Mice lacking both the prostacyclin and the thromboxane receptors continue to suffer from high blood pressure, but do not develop the other cardiac complications, they found. The results reveal the adverse cardiovascular consequences of thromboxane when left unconstrained by prostacyclin, the team reported. Furthermore, the findings point to the imbalance of blood vessel agents as the culprit behind the most serious cardiac complications in the animals.
The mice represent an extreme example of what might happen in patients taking cox-2 inhibitors, Coffman said. While prostacyclin activity can be substantially reduced in patients taking the painkillers, the animals lacked this important blood component altogether, he explained.
"Our data suggests that therapies that block unrestrained thromboxane actions for example, low doses of aspirin -- might protect against end-organ damage without affecting blood pressure in patients taking cox-2 inhibitors," Coffman said. "However, the practical utility of such an approach would depend on whether such a therapy would retain the gastrointestinal protection afforded by cox-2 inhibitors alone."

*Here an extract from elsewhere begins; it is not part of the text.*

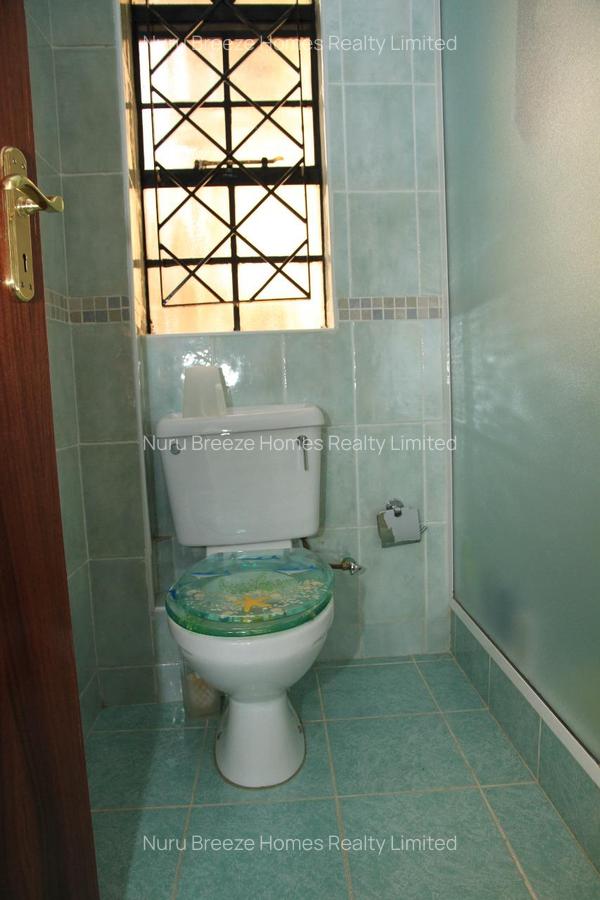 3 Bed Apartment with En Suite in Kilimani - 11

The researchers will next explore the effects of cox-2 inhibitors themselves in the salt-sensitive mice. Further study of the animals might also reveal the genetic factors that underlie the predisposition of particular individuals to develop high blood pressure and cardiac complications during therapy with cox-2 inhibitors.
Collaborators on the study include Helene Francois, Krairerk Athirakul, David Howell, Rajesh Dash, Lan Mao and Howard Rockman, of Duke; Hyung-Suk Kim and Beverly Koller of University of North Carolina, Chapel Hill; and Garret Fitzgerald of University of Pennsylvania.